(Image-caption web data)
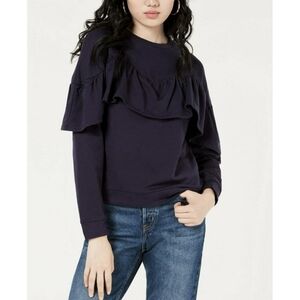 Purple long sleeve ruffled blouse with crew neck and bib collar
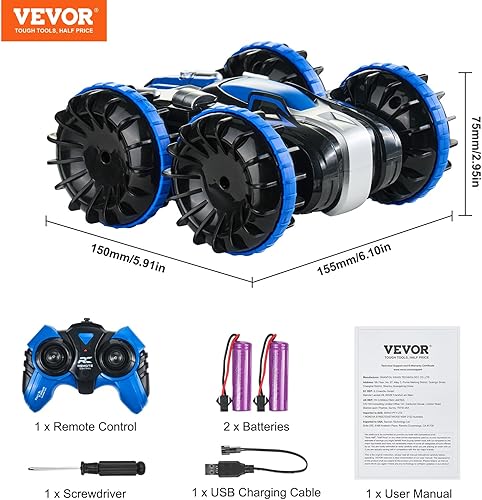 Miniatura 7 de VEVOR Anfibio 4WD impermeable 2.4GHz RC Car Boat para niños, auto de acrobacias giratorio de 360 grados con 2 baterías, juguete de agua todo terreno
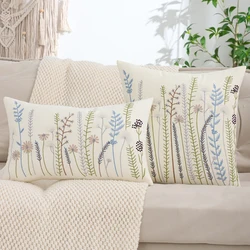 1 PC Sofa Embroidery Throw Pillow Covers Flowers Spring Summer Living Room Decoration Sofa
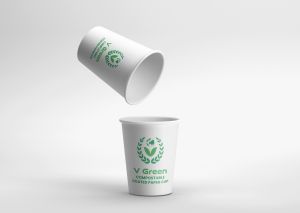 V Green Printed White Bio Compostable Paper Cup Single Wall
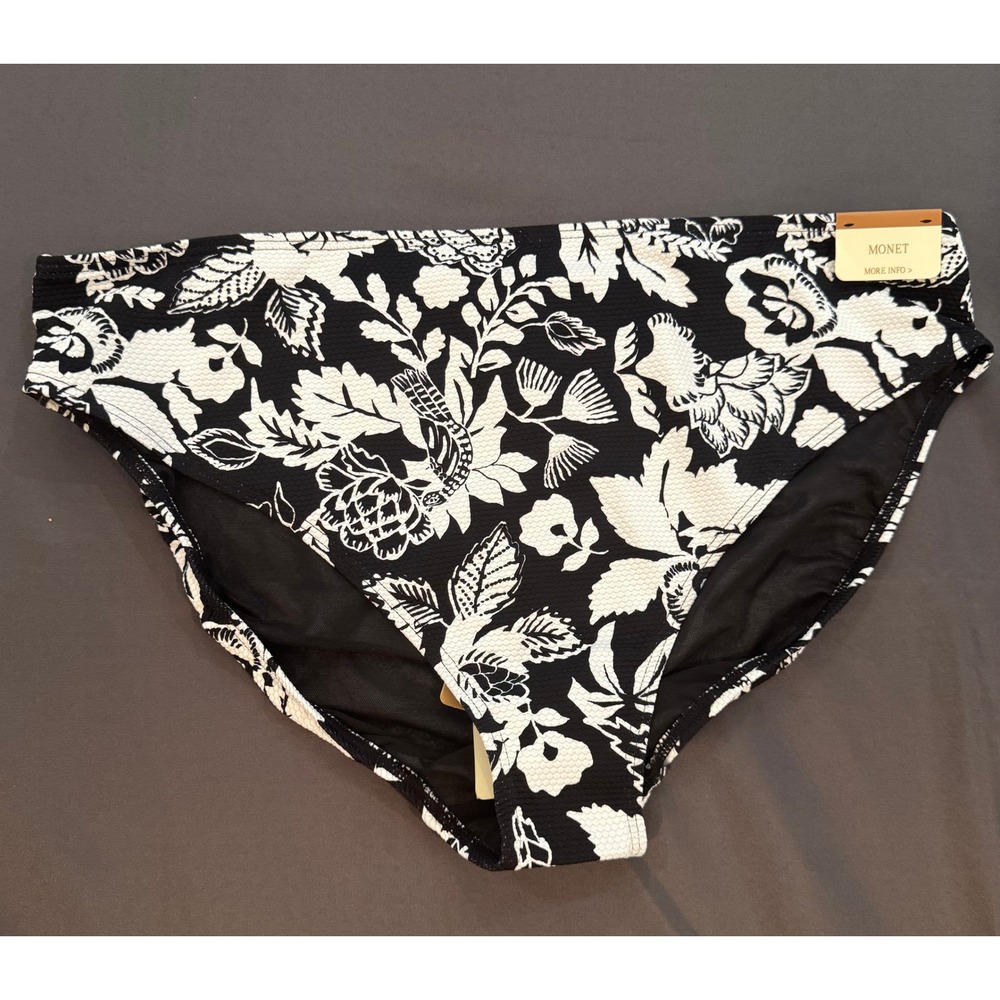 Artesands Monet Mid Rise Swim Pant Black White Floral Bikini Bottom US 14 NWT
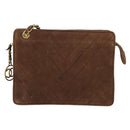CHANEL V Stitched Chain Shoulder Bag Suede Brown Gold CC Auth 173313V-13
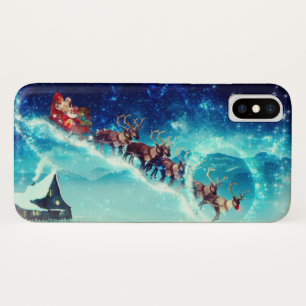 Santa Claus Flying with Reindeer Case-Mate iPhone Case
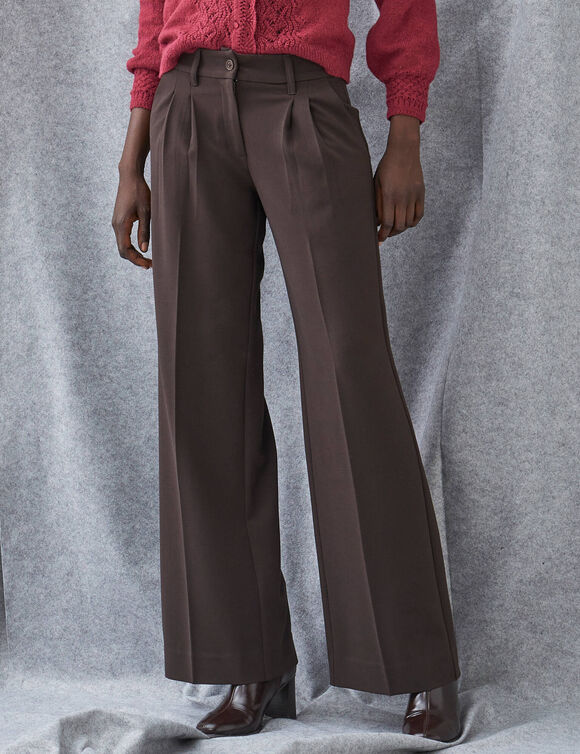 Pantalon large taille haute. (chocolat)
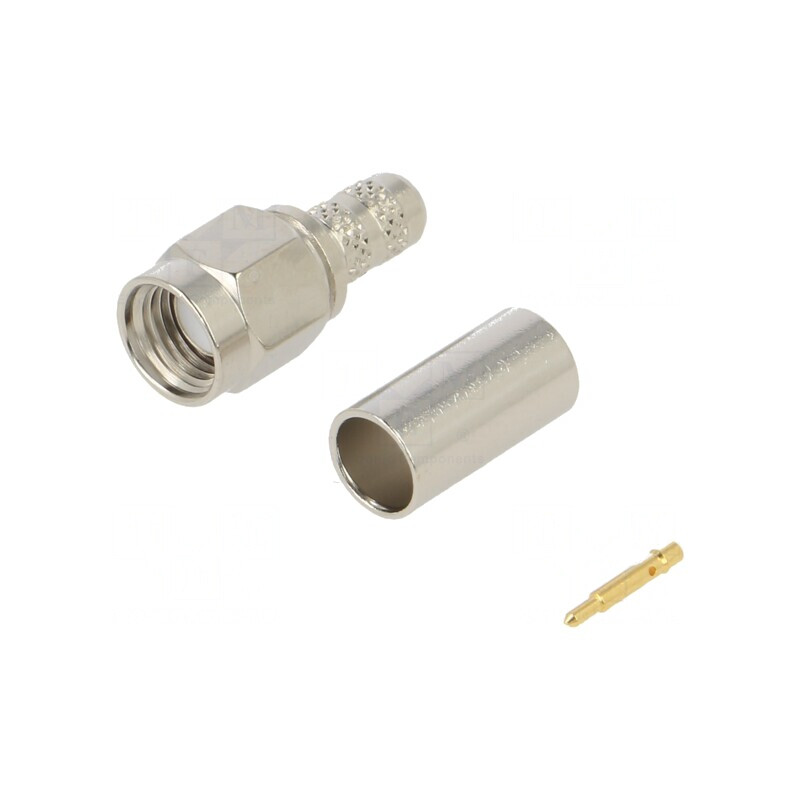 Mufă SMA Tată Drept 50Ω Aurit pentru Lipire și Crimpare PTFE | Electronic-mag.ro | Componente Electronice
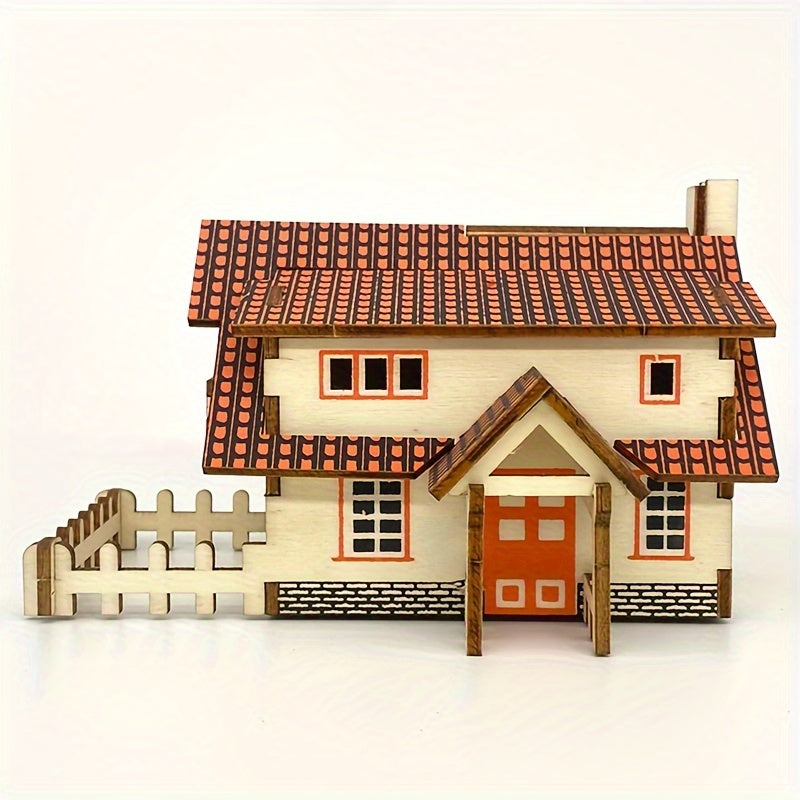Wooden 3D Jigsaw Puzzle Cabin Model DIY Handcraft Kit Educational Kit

→ Exercise directions
A word-for-word copy of the entries above is what is needed, without any images.

→ Task response
 Purple long sleeve ruffled blouse with crew neck and bib collar
 Miniatura 7 de VEVOR Anfibio 4WD impermeable 2.4GHz RC Car Boat para niños, auto de acrobacias giratorio de 360 grados con 2 baterías, juguete de agua todo terreno
 1 PC Sofa Embroidery Throw Pillow Covers Flowers Spring Summer Living Room Decoration Sofa
 V Green Printed White Bio Compostable Paper Cup Single Wall
 Artesands Monet Mid Rise Swim Pant Black White Floral Bikini Bottom US 14 NWT
CHANEL V Stitched Chain Shoulder Bag Suede Brown Gold CC Auth 173313V-13
 Santa Claus Flying with Reindeer Case-Mate iPhone Case
 Pantalon large taille haute. (chocolat)
 Mufă SMA Tată Drept 50Ω Aurit pentru Lipire și Crimpare PTFE | Electronic-mag.ro | Componente Electronice
Wooden 3D Jigsaw Puzzle Cabin Model DIY Handcraft Kit Educational Kit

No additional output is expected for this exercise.